World Book Day took place on March 1st and whilst there were a whole melange of events, lectures and readings to celebrate the written word across London, the way that most people experience it is the last minute panic of helping your child haphazardly throw together a costume that mildly resembles a famous literary character for school (pro tips: Harry Potter just needs glasses and a drawn on scar and graphic novels don’t count so sadly Batman’s out). Whilst this often unremembered scholastic equivalent of Halloween might seem a little forced, any tactic to help kids get into reading from a young age can only be a good thing as there are some ominous black clouds on the horizon for literature in 2018 (along with quite a few other issues but let’s stay focused). In all of the pageantry of this year’s World Book Day, a study was quietly released that revealed that Public Libraries across the nation have suffered a drastic reduction in stock, with stock having been reduced by nearly a full fifth since 2010, from 78.4 million in 2010/11 to 63.3 million in 2016/17, a reduction of 15.1 million, or 19% and the total lending stock has fallen by 7.7 million.
These cuts are emblematic of how libraries across England have been struggling against ever encroaching cuts. In what seemed like a particularly cruel irony Northamptonshire council announced the drastic move of shuttering 21 libraries (whilst a further 22 would only be open one day a week for eight hours) on World Book Day itself. The move was made following a consultation with locals, and follows protests and petitions from thousands of residents, along with world famous authors including the Northampton dwelling novelist/genius/oddball Alan Moore and His Dark Materials author Philip Pullman. Public libraries seem to be undergoing a protracted rear-guard action in the face of a rather stark economic reality; problems compounded by the fact that Carillion, that vanquished corporate behemoth, was (for a reason that presumably made sense to someone somewhere) responsible for the management of library services in several London boroughs through a non-profit arm called Cultural Community Solutions, which has caused chaos due to Carillion’s collapse.

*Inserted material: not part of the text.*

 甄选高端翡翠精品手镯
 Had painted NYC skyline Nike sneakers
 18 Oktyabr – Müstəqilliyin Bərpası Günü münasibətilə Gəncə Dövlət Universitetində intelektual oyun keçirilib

This is not the end of the bad news for books to bubble up around what should be the time of year where they are most celebrated. The results of the annual National Literacy Trust survey (also released on World Book Day, a March 1st that will clearly live in infamy) found that over half of children at Key Stage Two are not being read to at home. This is particularly disheartening information, as not only does it hold implications on how increasingly glowing screens are expanding to take on the role of unofficial babysitter for more and more children, but also because studies have shown that children are encountering more and more fake news online and a staggering 20% of children aged between eight and 15 believe everything they read online is true, and 35% of UK teachers say pupils have cited fake news or false information found online as fact in their work.
Reading comprehension, a big part of the Key Stage 1 and 2 curriculums, is particularly important for preparing children to become critically literate. It helps children accurately understand and interpret information by making connections between what they read and what they already know, working out what is important, and spotting the difference between fact and fiction. Other curriculum areas help to build the foundation skills needed to develop strong critical literacy skills, such as reading a wide range of texts for different purposes, learning about inference, and identifying how language structures and presentation contribute to meaning. If libraries continue their steady wane and children are left to fend for themselves on an internet engorged with lies, damn lies and Donald Trump’s tweets then humanities future won’t bright, it’ll be spray tan orange.